Overview

illico is a python library performing blazing fast asymptotic wilcoxon rank-sum tests (same as scanpy.tl.rank_genes_groups(…, method="wilcoxon")), useful for single-cell RNASeq data analyses and processing. illico’s features are:

  1. 🚀 Blazing fast: On K562 (essential) dataset (~300k cells, 8k genes, 2k perturbations), illico computes DE genes (with reference="non-targeting") in a mere 30 seconds. That’s more than 100 times faster than both pdex or scanpy with the same compute ressources (8 CPUs).

  2. 💠 No compromise: on synthetic data, illico’s p-values matched scipy.stats.mannwhitneyu up to a relative difference of 1.e-12, and an absolute tolerance of 0.

  3. ⚡ Thread-first: illico eventually parallelizes the processing (if specified by the user) over threads, never processes.
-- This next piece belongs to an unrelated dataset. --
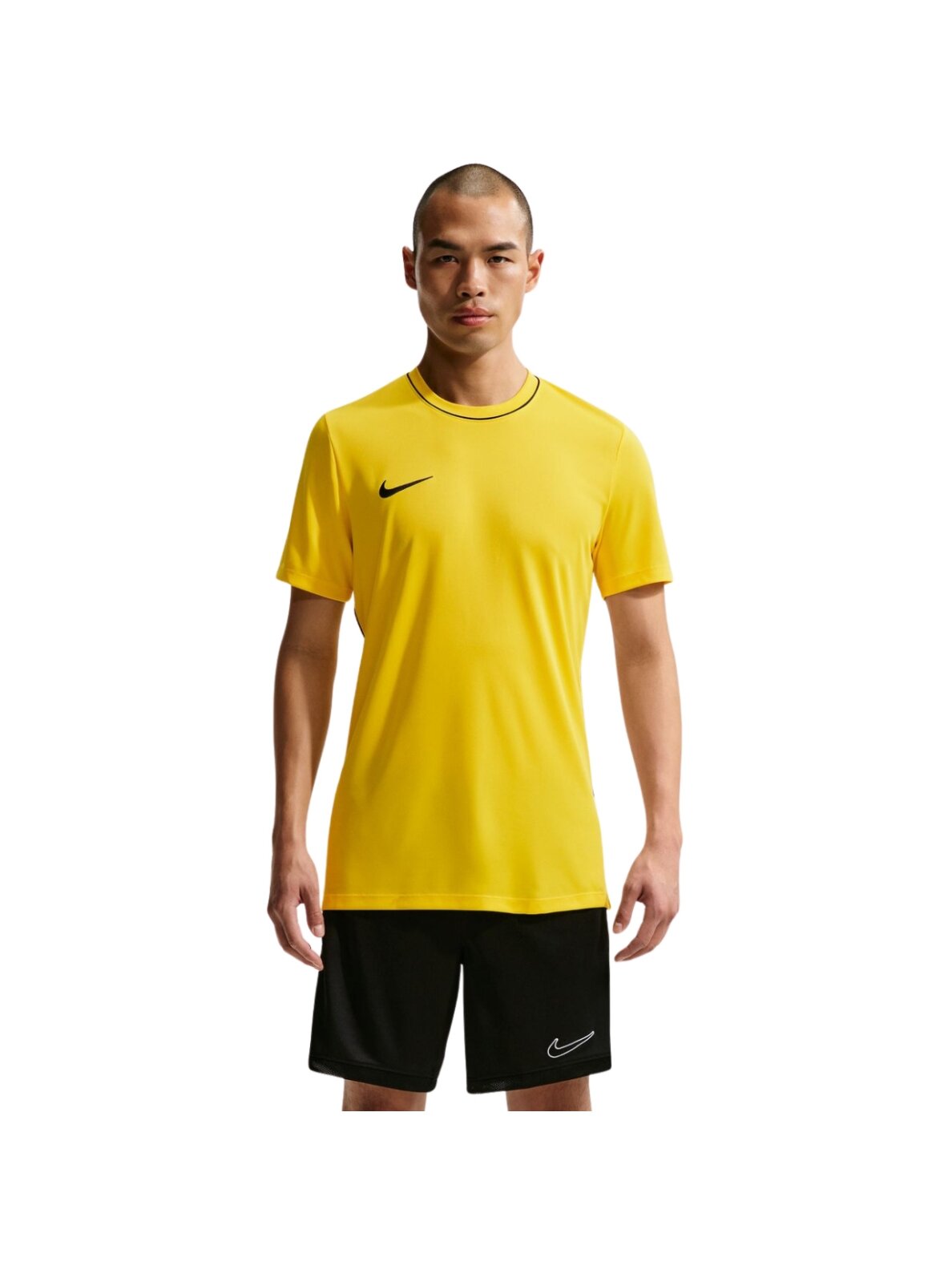 Nike Dri-Fit Park 26 SS Top vyrams geltona HM7127 719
This saves you from all the fixed cost of multiprocessing, such as spanning processes, duplicating data across processes, and communication costs.

  4. 🐞 Data format agnostic: whether your data is dense, sparse along rows, or sparse along columns, illico will deal with it while never converting the whole data to whichever format is more optimized.

  5. 🪶 Lightweight: illico will process the input data in batches, making any memory allocation needed along the way much smaller than if it processed the whole data at once.

  6. 📈 Scalable: Because thread-first and batchable, illico scales reasonably with your compute budget. Tests showed that spanning 8 threads brings a 7-fold speedup over spanning 1 single thread.

  7. 💾 Out-of-core: illico supports h5-based, on-disk-backed, dense and CSC datasets natively.

  8. 🎆 All-purpose: illico performs both one-versus-reference (useful for perturbation analyses) and one-versus-rest (useful for clustering analyses) wilcoxon rank-sum tests, both equally optimized and fast.

Approximate speed benchmarks ran on k562-essential can be found in the Benchmarks section. All the code used to generate those numbers can be found in tests/test_asymptotic_wilcoxon.py::test_speed_benchmark.

💡 Note:

  1. This library only performs wilcoxon rank-sum tests, also known as Mann-Whitney test, also performed by scanpy.tl.rank_genes_groups(…, method="wilcoxon"). It does not perform wilcoxon signed-sum tests, those are less often used in for single-cell data analyses as it requires samples to be paired.

  2. Exact benchmarks ran on a subset of the whole k562 can be found at the end of this readme.

  3. OVO refers to one-versus-one: this test computes u-stats and p-values between control cells and perturbed cells. Equivalent to scanpy’s rank_gene_groups(…, reference="non-targeting").

  4. OVR refers to one-versus-rest: this test computes u-stats and p-values between each group cells, and all other cells, for each group. Equivalent to scanpy.tl.rank_genes_groups(…, reference="rest").